Data records:
============================================================
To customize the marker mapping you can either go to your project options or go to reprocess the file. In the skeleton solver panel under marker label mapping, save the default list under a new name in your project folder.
============================================================
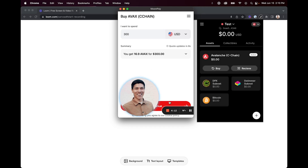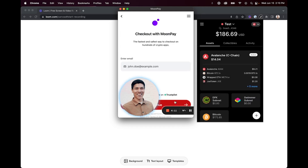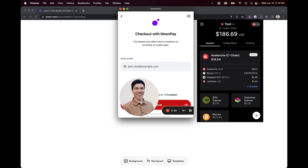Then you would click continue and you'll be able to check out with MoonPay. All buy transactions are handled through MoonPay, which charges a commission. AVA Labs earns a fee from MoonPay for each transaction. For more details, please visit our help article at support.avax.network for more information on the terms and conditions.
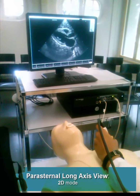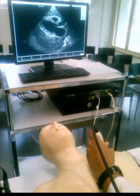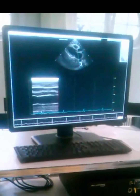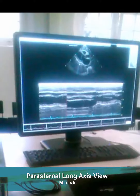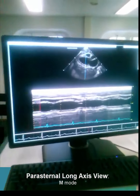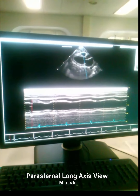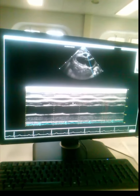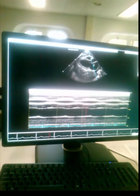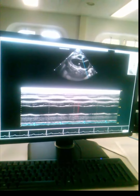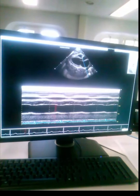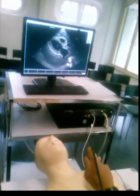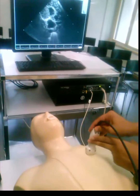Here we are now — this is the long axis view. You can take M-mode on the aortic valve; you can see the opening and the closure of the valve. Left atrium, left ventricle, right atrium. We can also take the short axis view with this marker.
============================================================
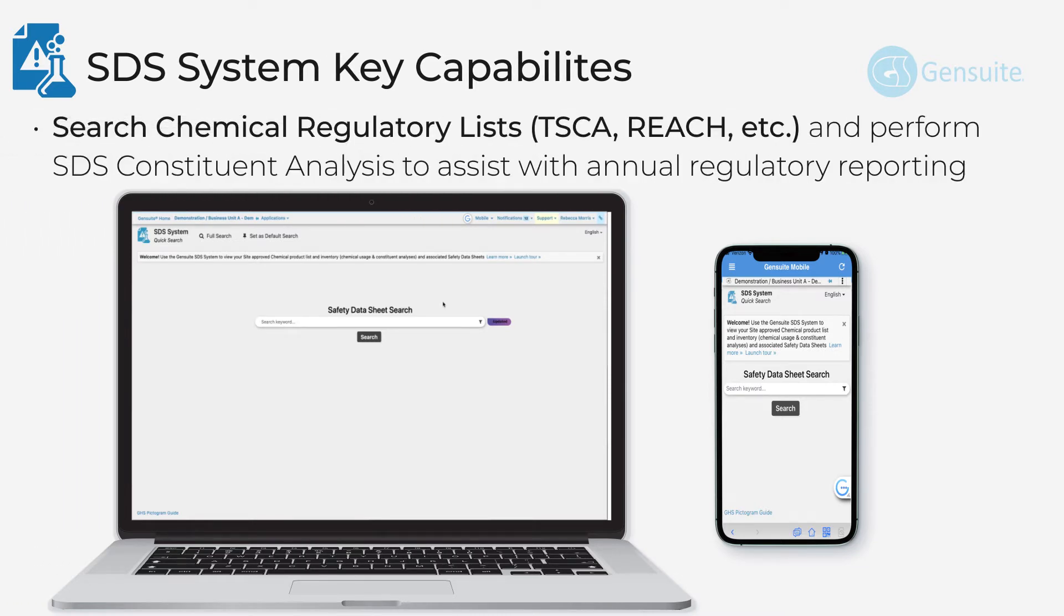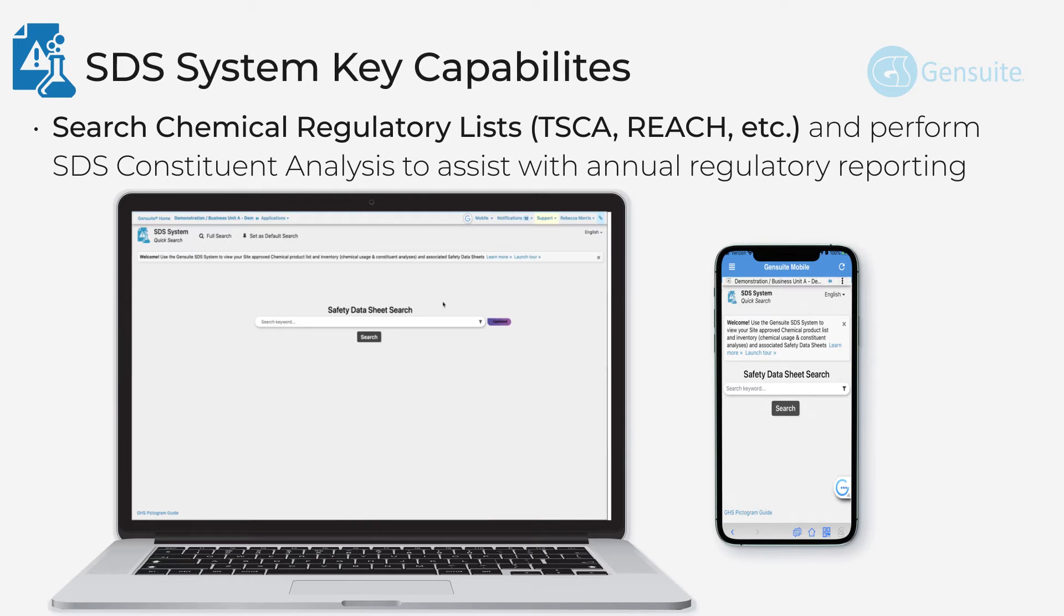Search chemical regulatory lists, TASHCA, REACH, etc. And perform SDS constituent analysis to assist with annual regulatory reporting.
============================================================
Your goal:
With the pictures left out, write out exactly the lines above from the one containing "Then you would" through the one containing "Here we are".

Your response:
Then you would click continue and you'll be able to check out with MoonPay. All buy transactions are handled through MoonPay, which charges a commission. AVA Labs earns a fee from MoonPay for each transaction. For more details, please visit our help article at support.avax.network for more information on the terms and conditions.
Here we are now — this is the long axis view. You can take M-mode on the aortic valve; you can see the opening and the closure of the valve. Left atrium, left ventricle, right atrium. We can also take the short axis view with this marker.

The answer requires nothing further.